Tout d’abord, il s’agit là à l’évidence d’une initiative chinoise. Jamais le Nicaragua de M.Daniel Ortega n’aurait tenté de concrétiser un tel projet si la Chine ne le lui avait pas proposé. Vu le budget annoncé pour ce projet, 40 milliard de dollars, il est plus que probable que l’obscure société HKND (dirigée par un tycoon chinois et basée à Hong Kong) qui doit prochainement signer avec le Nicaragua s’avère être un faux nez de l’Etat chinois. Seul un Etat d’une aussi grande taille et d’une aussi grande solidité financière que la Chine peut en effet se permettre de se lancer dans une initiative aussi pharaonique.

Initiative d’autant plus pharaonique qu’elle ne répond pas du tout au critère habituel de rentabilité des financements de projets : le coût en est très élevé et reste susceptible d’être révisé à la hausse ; le trafic effectif est problématique car le Canal de Panama est engagé lui-même dans une réfection lui permettant d’accueillir lui aussi des navires de gros calibre ; au total le montant escompté des péages ne devrait même pas assurer l’amortissement…. A l’évidence, la rentabilité n’est pas l’élément qui a inspiré ce projet.

Quelles sont donc alors les motivations qui ont pu amener l’Etat chinois à se lancer dans une telle entreprise ?

Quatre motivations essentielles nous semblent inspirer la Chine :

1)      La Chine cherche à développer dans le monde un réseau de transports qu’elle contrôle le plus possible.

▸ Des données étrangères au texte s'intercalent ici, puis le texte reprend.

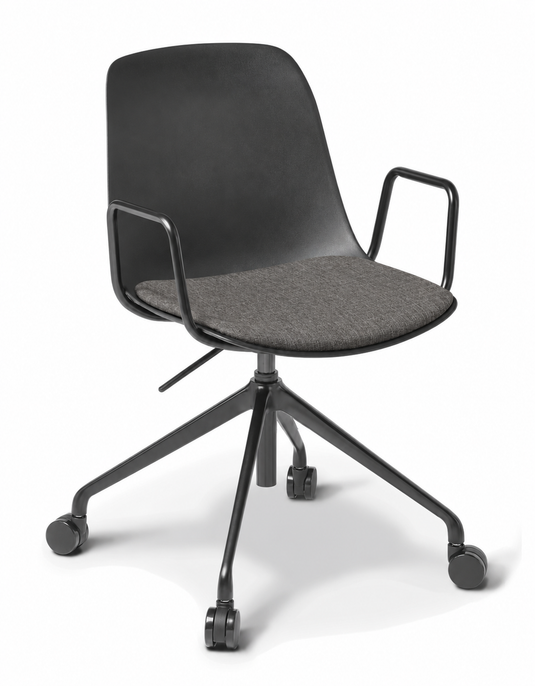 Eden Juna 4-Star Swivel Chair - Seat Upholstered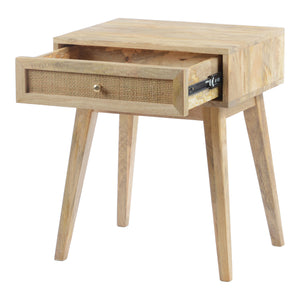 Moe's Home Reed End Table in Natural (23.5' x 20' x 16') - BZ-1107-24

Il s’agit pour elle de sécuriser ses échanges internationaux et de minimiser ses coûts de transport mais plus encore de mettre en place un énorme réseau mondial de transports dont elle sera maitresse et qui constituera pour elle un formidable atout sur les plans commercial, diplomatique et militaire.

Ce canal du Nicaragua lui permettrait en tout cas de s’affranchir du Canal de Panama, largement contrôlé par les Etats-Unis, pour transporter les biens que la Chine échange avec l’Amérique Latine (Mexique, Caraïbes, Amérique du sud).

Les importations de pétrole, de métaux, de soja et de bois en provenance du Venezuela, du Brésil et de l’Argentine seront de plus en plus nécessaires à la Chine. De même, la Chine sera de plus en plus intéressée à mieux accéder, grâce à un transport  bon marché et garanti, aux marchés intérieurs de l’Amérique Latine.

En se constituant un canal dont elle sera l’utilisateur prioritaire et privilégié, la Chine se donne les moyens de sécuriser plus encore ses approvisionnements et ses livraisons. Cette opération succède à beaucoup d’autres :

  • On a déjà assisté à la constitution par la Chine d’un réseau de six ports de guerre qui lui appartiennent et qui sont échelonnés entre le Détroit d’Ormuz et la Chine du sud pour mieux garantir la sécurité des approvisionnements pétroliers en provenance du Moyen-Orient et la sécurité des livraisons par porte-conteneurs à destination de l’Europe, de la Russie et du bassin méditerranéen.
  • On a assisté aussi à l’achat et au développement par la Chine de la moitié du Port du Pirée.
  • On a vu aussi la Chine s’approprier en Italie et en France des installations portuaires (Naples, Le Havre) et aéroportuaires  (Rome, Châteauroux et Reims).
  • On a vu aussi la Chine ouvrir une négociation avec l’Islande pour obtenir un port commercial qui lui serait réservé et qui serait un atout pour la Chine sur les nouvelles routes maritimes qui passeront par le pôle nord.
  • Plus récemment, on a vu aussi la Chine annoncer son intention prochaine d’une liaison ferroviaire marchandises entièrement nouvelle entre la Chine et la Pologne.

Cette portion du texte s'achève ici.